■ WHAT THE TASK REQUIRES: The copy you give must match the lines from the top of the data through the line containing "5L4DK5500BT" exactly, and it must hold no pictures.

■ RECORDED DATA:
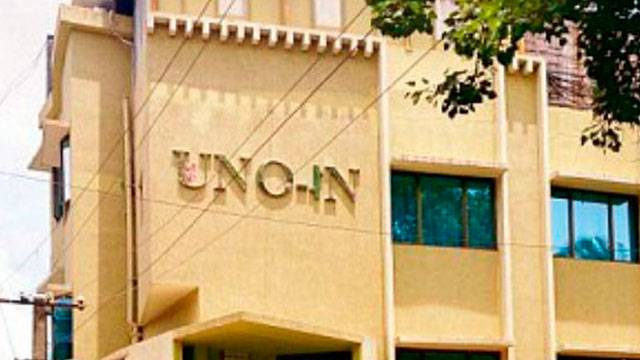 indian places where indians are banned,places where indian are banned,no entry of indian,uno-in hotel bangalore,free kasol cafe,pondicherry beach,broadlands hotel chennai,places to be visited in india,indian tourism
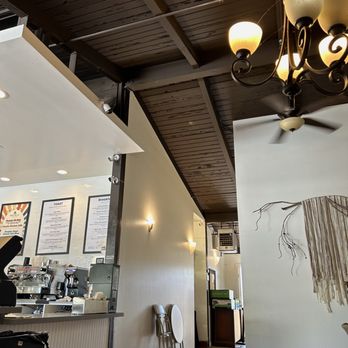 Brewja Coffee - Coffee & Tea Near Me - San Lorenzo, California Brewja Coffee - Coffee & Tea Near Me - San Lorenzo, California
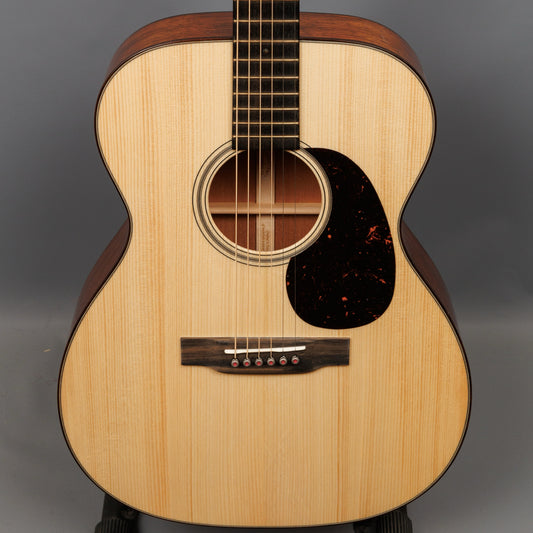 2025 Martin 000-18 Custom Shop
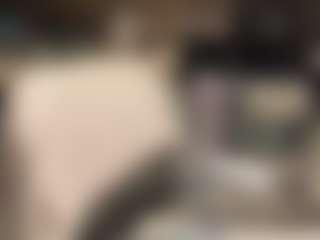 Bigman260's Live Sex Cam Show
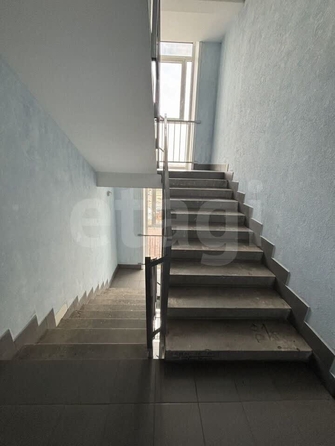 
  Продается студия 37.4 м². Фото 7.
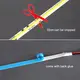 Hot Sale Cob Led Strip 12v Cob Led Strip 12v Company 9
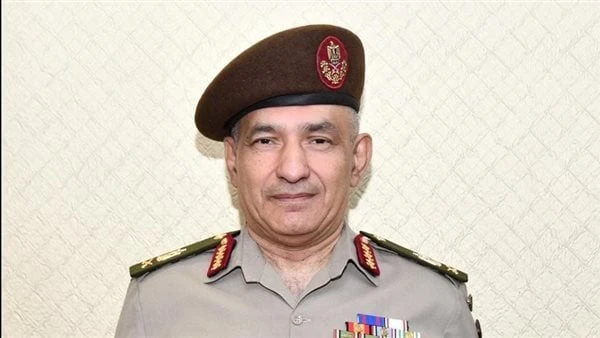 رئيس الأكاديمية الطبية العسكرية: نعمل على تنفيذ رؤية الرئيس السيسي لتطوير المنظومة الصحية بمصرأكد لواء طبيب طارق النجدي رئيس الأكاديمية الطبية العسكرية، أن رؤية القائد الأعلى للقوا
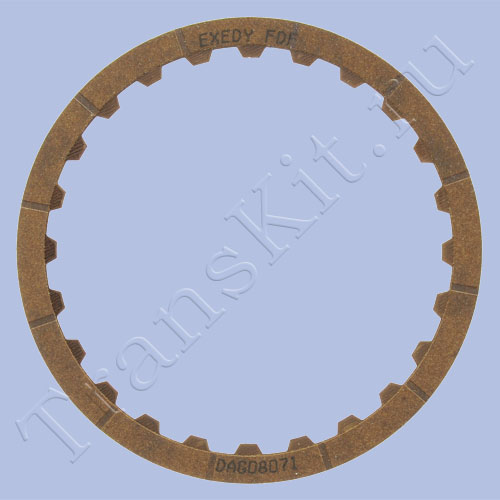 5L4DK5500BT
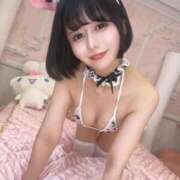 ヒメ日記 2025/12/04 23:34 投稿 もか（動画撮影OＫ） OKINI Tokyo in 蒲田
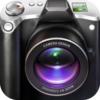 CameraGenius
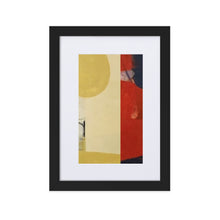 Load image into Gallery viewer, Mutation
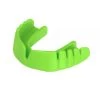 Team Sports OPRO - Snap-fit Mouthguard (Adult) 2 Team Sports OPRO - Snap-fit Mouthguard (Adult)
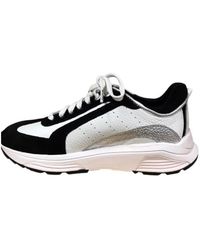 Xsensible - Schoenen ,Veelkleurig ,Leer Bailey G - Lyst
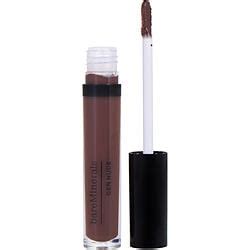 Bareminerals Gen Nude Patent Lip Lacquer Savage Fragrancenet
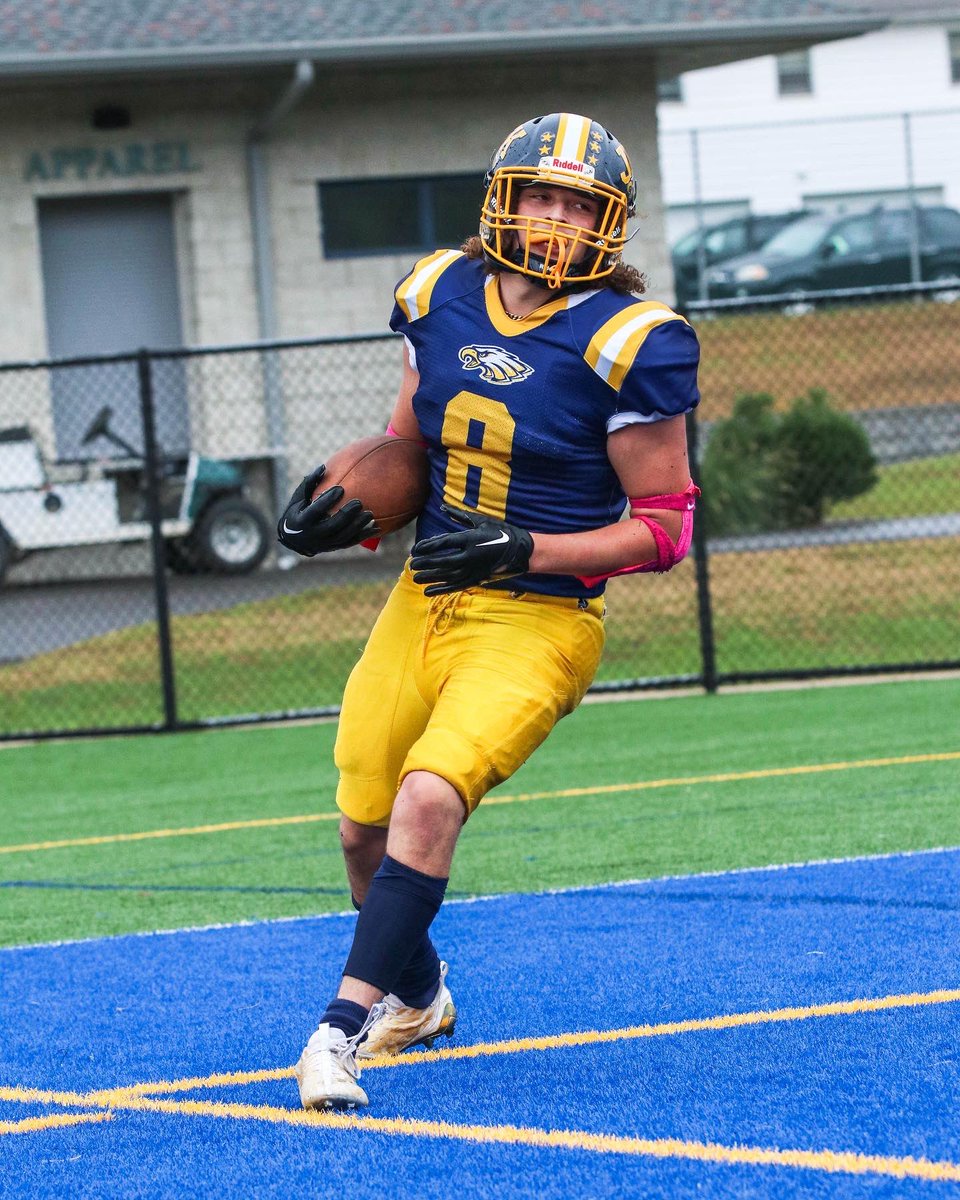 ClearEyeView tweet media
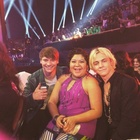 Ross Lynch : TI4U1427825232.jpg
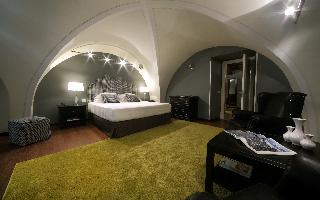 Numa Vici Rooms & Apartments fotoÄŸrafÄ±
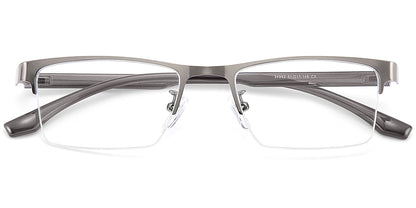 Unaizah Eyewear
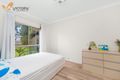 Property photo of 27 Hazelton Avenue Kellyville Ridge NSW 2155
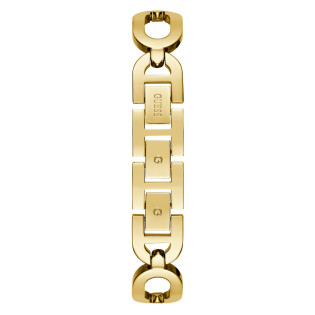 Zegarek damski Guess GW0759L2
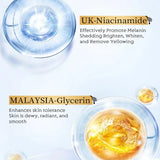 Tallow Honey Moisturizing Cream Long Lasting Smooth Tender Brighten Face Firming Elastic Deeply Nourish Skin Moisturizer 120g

■ ANSWER FOR THE TASK:
 indian places where indians are banned,places where indian are banned,no entry of indian,uno-in hotel bangalore,free kasol cafe,pondicherry beach,broadlands hotel chennai,places to be visited in india,indian tourism
 Brewja Coffee - Coffee & Tea Near Me - San Lorenzo, California Brewja Coffee - Coffee & Tea Near Me - San Lorenzo, California
 2025 Martin 000-18 Custom Shop
 Bigman260's Live Sex Cam Show
  Продается студия 37.4 м². Фото 7.
 Hot Sale Cob Led Strip 12v Cob Led Strip 12v Company 9
 رئيس الأكاديمية الطبية العسكرية: نعمل على تنفيذ رؤية الرئيس السيسي لتطوير المنظومة الصحية بمصرأكد لواء طبيب طارق النجدي رئيس الأكاديمية الطبية العسكرية، أن رؤية القائد الأعلى للقوا
 5L4DK5500BT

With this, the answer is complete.